The Lee Jae-myung administration plans to inject roughly over 1,000 trillion won in fiscal spending this year to achieve a growth rate of 2.0%. It is no exaggeration to call this the “first year of a great leap in public finance.” Yet even with all this, we are talking about “just 2% growth,” which is disheartening. Worse still, if you strip out the contribution from semiconductor exports (0.4 percentage points), this year’s growth rate is projected to remain in the 1% range (assuming the Bank of Korea (BOK) forecast of 1.8%). It has been a distortion and an optical illusion. That is not all. The employment statistics, which are expected to hit a record high this year (employment rate of 63%), are also largely the result of publicly funded jobs for the elderly created through fiscal spending.
Our economy is said to be experiencing a deepening form of so-called “K-shaped growth,” in which structural imbalances widen the gap between the two extremes. Given that the use of “K (Republic of Korea)” has generally carried positive connotations, this feels somewhat jarring. Yet it seems clear that a kind of fiscal polarization resembling the gaping “crocodile’s mouth”—with falling state revenues and rising expenditures—is occurring even in a so-called “growth” phase.
I fully agree that our limited public finances should be invested in future industries to build national wealth. But if you look closely, you can see Lee Jae-myung–style cash handout policies quietly embedded within. Newly introduced or expanded welfare expenditures such as the Rural Basic Income (234.1 billion won for pilot projects in 10 counties) and the expansion of the Child Allowance (up to 130,000 won per month) fall into this category. Such cash-based welfare is highly addictive; once people get a taste, it is hard to roll back. The sweet taste of last year’s 13 trillion won worth of Consumption Coupon (Livelihood Recovery Subsidy) has already faded from memory after just a few months. On top of this, there is the Basic Pension, which distributes 23 trillion won to 70% of seniors; the four major public pension schemes—NPS, Public Officials Pension, Teachers' Pension, and others—whose spending is growing by more than 8% annually and is expected to approach 100 trillion won this year; and the National Health Insurance, which has fallen into deficit. All of these are mandatory expenditures.
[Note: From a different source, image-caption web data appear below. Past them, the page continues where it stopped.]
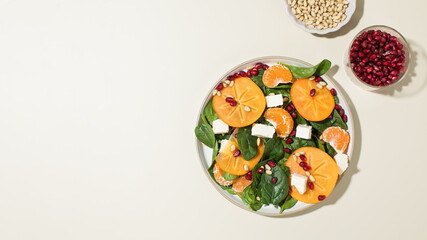 Winter salad. Fresh persimmon and pomegranate spinach salad with feta and pine nuts. Copy space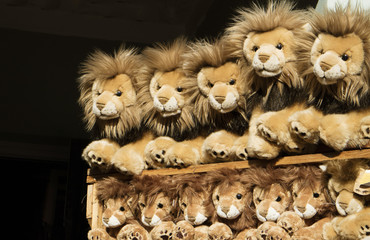 Toy lions on display in a children's shop
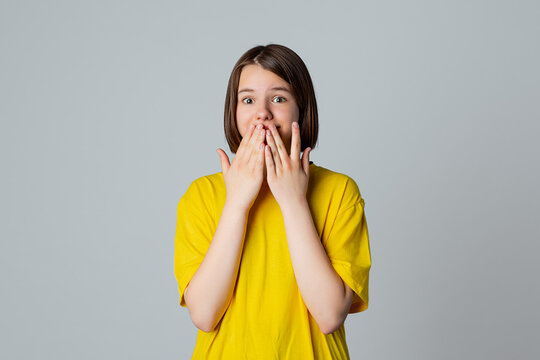 Portrait of a scared teen girl in yellow casual t shirt, looking at camera with wide opened eyes, covering mouth her hands, stand over light grey background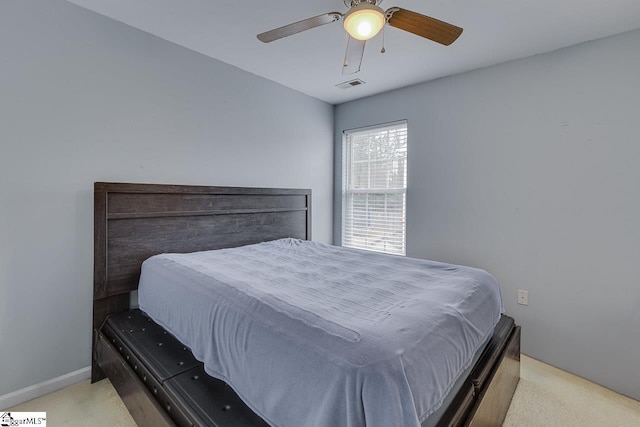 bedroom with light carpet and ceiling fan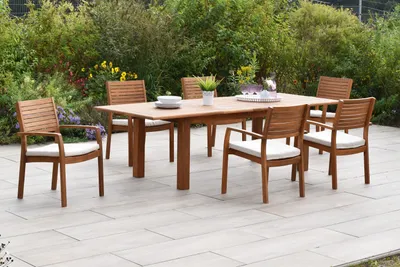 A wooden dining set with chairs and a table is placed on a patio surrounded by greenery.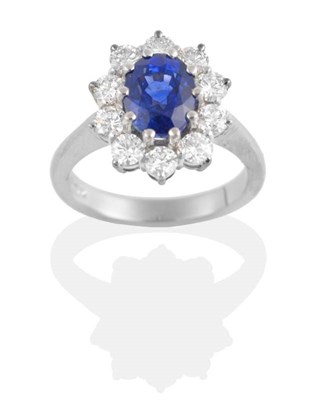 Lot 180 - A Sapphire and Diamond Cluster Ring, an oval cut sapphire in a claw setting, within a border of...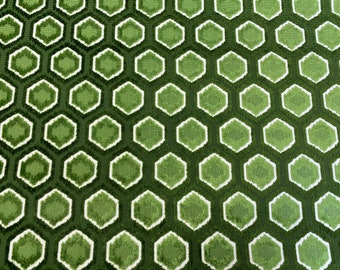 May include: A fabric featuring a repeating geometric pattern of interlocking hexagons in various shades of green, including dark forest green, olive, and lime, with white outlines surrounding each individual hexagonal shape.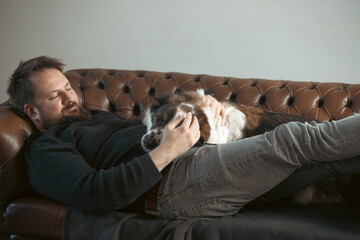 Man sitting on the sofa with his dog.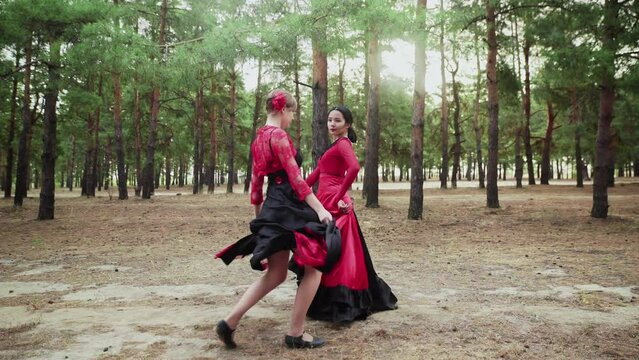 Elegant and graceful asian and caucasian women are dancing Traditional Spanish dance in summer forest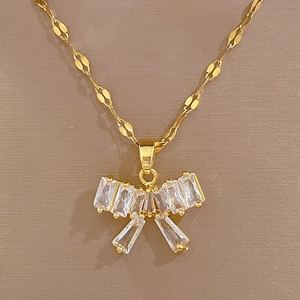Macro shot of gold bow pendant with rectangular zircons on flat knotted chain
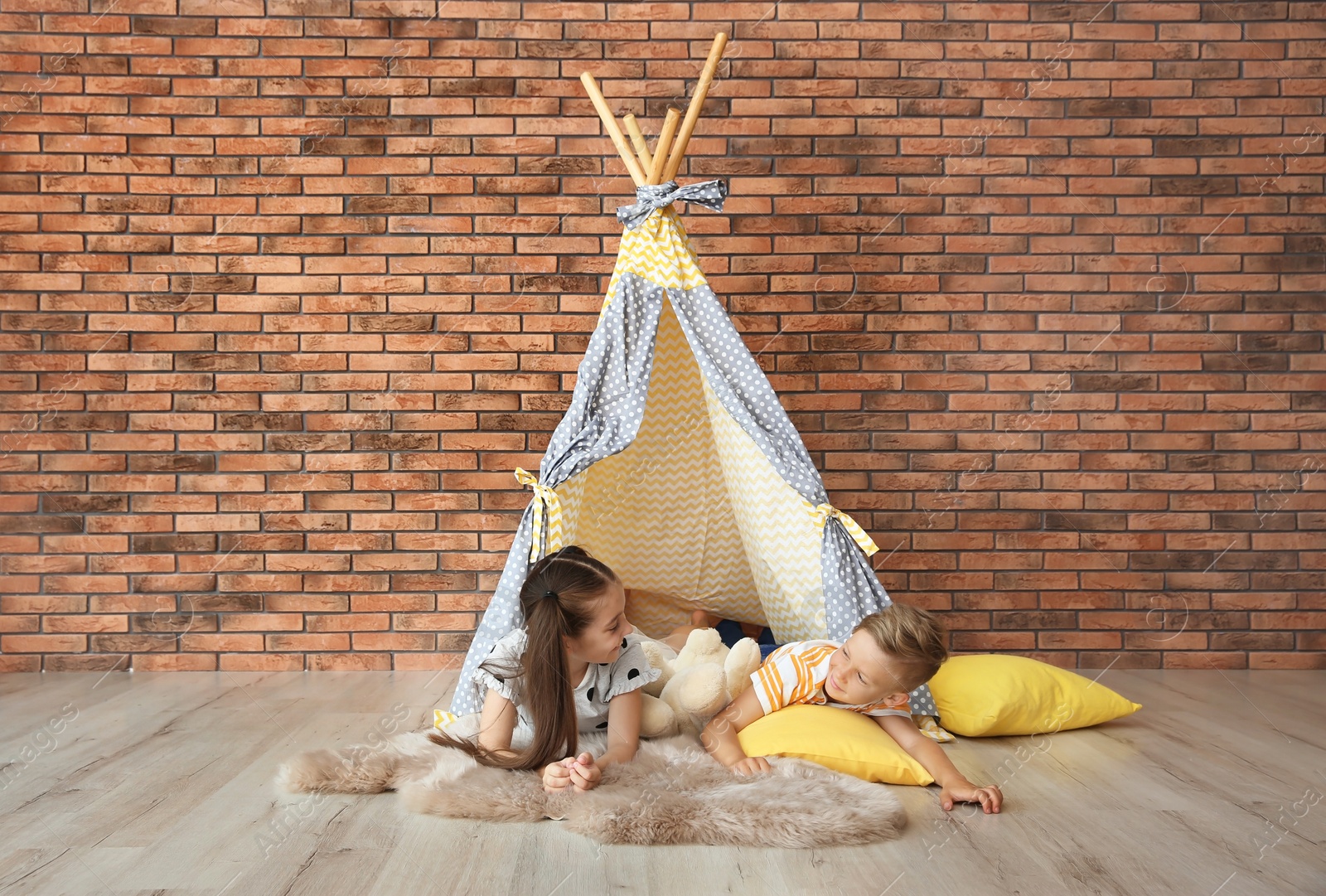 Photo of Playful little children in handmade tent indoors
At times it feels like an unavoidable trend in a super-aged South Korea, yet one cannot help but question whether the current working generation, politicians, and policymakers have truly done enough. The longer reforms are delayed, the higher the costs that current and future generations will have to bear. In its second year, the Lee administration should make this year not the “first year of a great leap in the economy,” but the “first year of reform.” It must move to dismantle anti-market regulations, restructure industries, and tackle the reform of the four major public pension schemes and the Four Major Social Insurance Programs. Otherwise, in 2031, the next administration’s president will likely inherit 2,000 trillion won in national debt and once again proclaim a “first year of a great leap in the economy.”